Task data:
-------------------------

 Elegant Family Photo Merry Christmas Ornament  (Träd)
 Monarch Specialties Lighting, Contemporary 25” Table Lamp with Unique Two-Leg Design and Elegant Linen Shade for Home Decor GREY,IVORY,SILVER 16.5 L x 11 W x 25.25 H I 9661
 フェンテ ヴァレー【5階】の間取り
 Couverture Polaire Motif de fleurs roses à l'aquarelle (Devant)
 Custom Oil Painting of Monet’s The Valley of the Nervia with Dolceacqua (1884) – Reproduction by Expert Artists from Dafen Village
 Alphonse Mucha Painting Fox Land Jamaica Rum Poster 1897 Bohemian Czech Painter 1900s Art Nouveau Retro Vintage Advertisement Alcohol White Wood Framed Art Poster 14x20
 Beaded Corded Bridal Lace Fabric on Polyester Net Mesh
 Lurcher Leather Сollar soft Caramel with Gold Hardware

-------------------------

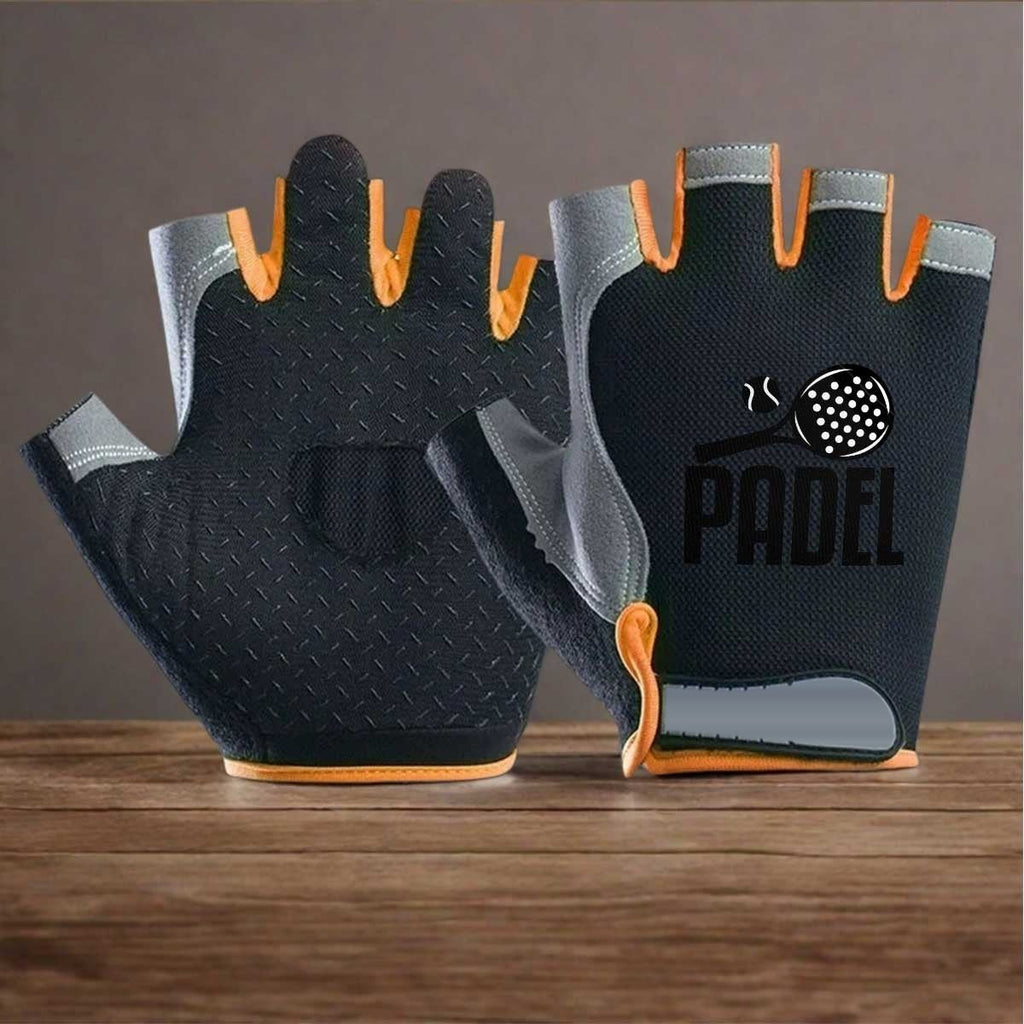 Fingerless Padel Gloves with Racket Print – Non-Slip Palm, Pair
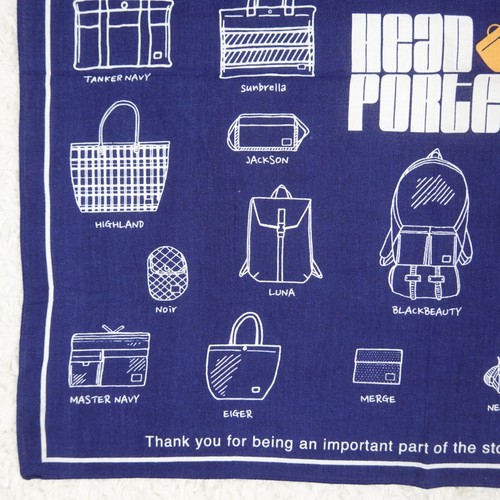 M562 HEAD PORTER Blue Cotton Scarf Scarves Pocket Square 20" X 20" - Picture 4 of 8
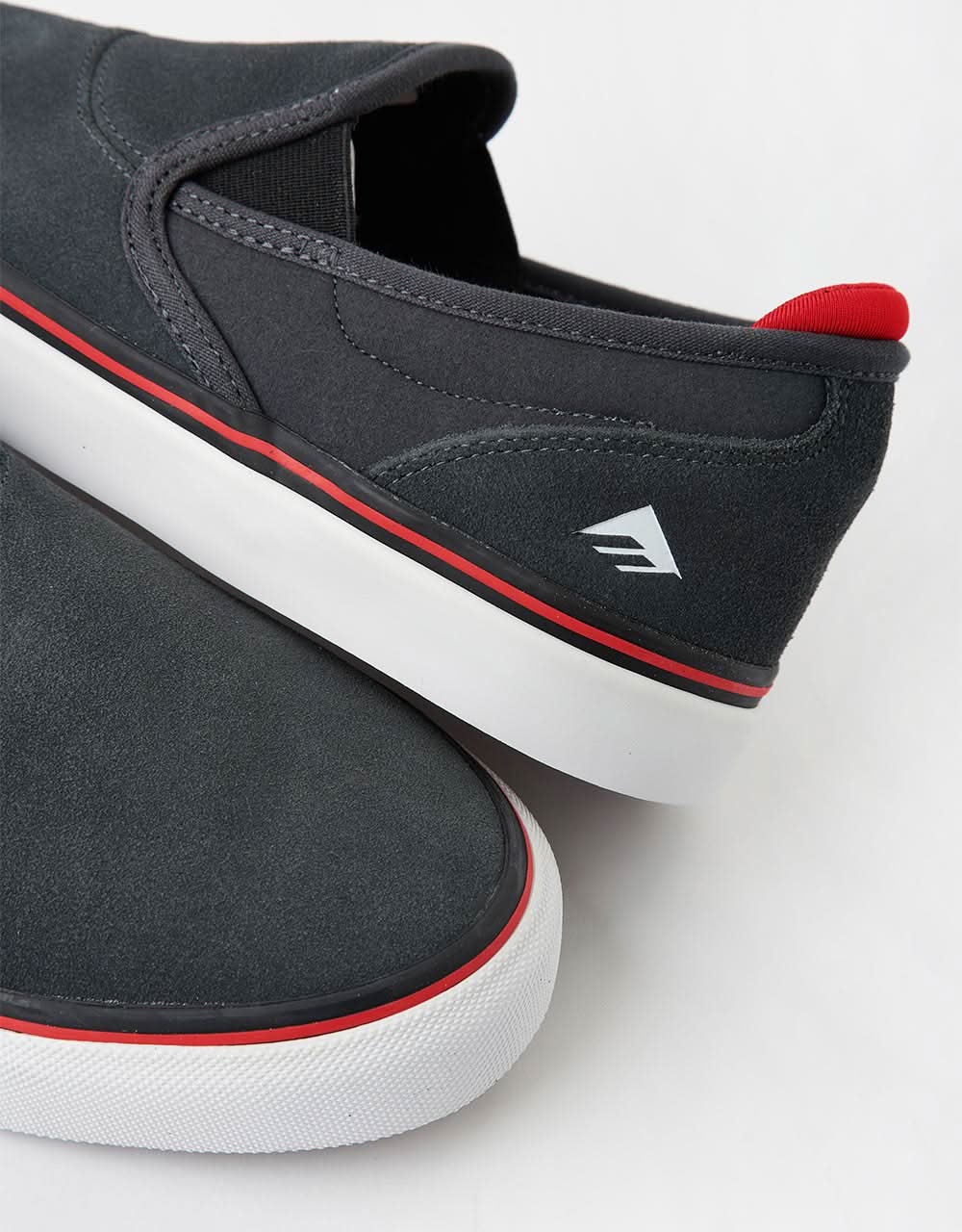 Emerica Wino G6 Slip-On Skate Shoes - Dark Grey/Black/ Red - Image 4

-------------------------

What you need to do:
Reply with every line of the listing that has the string "Elegant".

Response for this exercise:
 Elegant Family Photo Merry Christmas Ornament  (Träd)
 Monarch Specialties Lighting, Contemporary 25” Table Lamp with Unique Two-Leg Design and Elegant Linen Shade for Home Decor GREY,IVORY,SILVER 16.5 L x 11 W x 25.25 H I 9661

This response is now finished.